Inconsistent behavior of tf.function when using autograph

tensorflow / tensorflow

An Open Source Machine Learning Framework for Everyone

https://tensorflow.org

Apache License 2.0

186.29k stars 74.31k forks source link

Inconsistent behavior of tf.function when using autograph #24742

Closed ageron closed 5 years ago

ageron commented 5 years ago

System information

Have I written custom code (as opposed to using a stock example script provided in TensorFlow): Yes
OS Platform and Distribution (e.g., Linux Ubuntu 16.04): Mac OS X 10.13.6
Mobile device (e.g. iPhone 8, Pixel 2, Samsung Galaxy) if the issue happens on mobile device: N/A
TensorFlow installed from (source or binary): binary
TensorFlow version (use command below): VERSION="1.13.0-dev20181226" (this is the TF 2.0-preview) GIT_VERSION="b'v1.12.0-5133-gc343196842'"
Python version: 3.6.6
Bazel version (if compiling from source): N/A
GCC/Compiler version (if compiling from source): N/A
CUDA/cuDNN version: N/A
GPU model and memory: N/A

Describe the current behavior tf.function converts almost identical functions into completely different graphs. It seems like a bug, but perhaps it's just a bit too complicated for me. If it's working as expected, then I think the documentation really needs to be expanded, with detailed examples and clear guidelines.

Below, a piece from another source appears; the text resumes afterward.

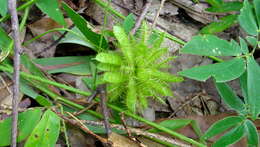 Image of Mimosa sensitiva L.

Describe the expected behavior All the following functions should return almost identical graphs.

Code to reproduce the issue

import tensorflow as tf

@tf.function
def foo1(x):
    for i in range(10):
        x = x + 1
    return x

@tf.function
def foo2(x):
    for i in range(tf.constant(10)):
        x = x + tf.constant(1)
    return x

@tf.function
def foo3():
    x = 0
    for i in range(10):
        x = x + 1
    return x

@tf.function
def foo4():
    x = tf.constant(0)
    for i in range(tf.constant(10)):
        x = x + tf.constant(1)
    return x

def _print_sub_ops(op, indent=0):
    """Recursively print an op's inputs"""
    print("  "*indent, op.name)
    for ts in op.inputs:
        _print_sub_ops(ts.op, indent + 1)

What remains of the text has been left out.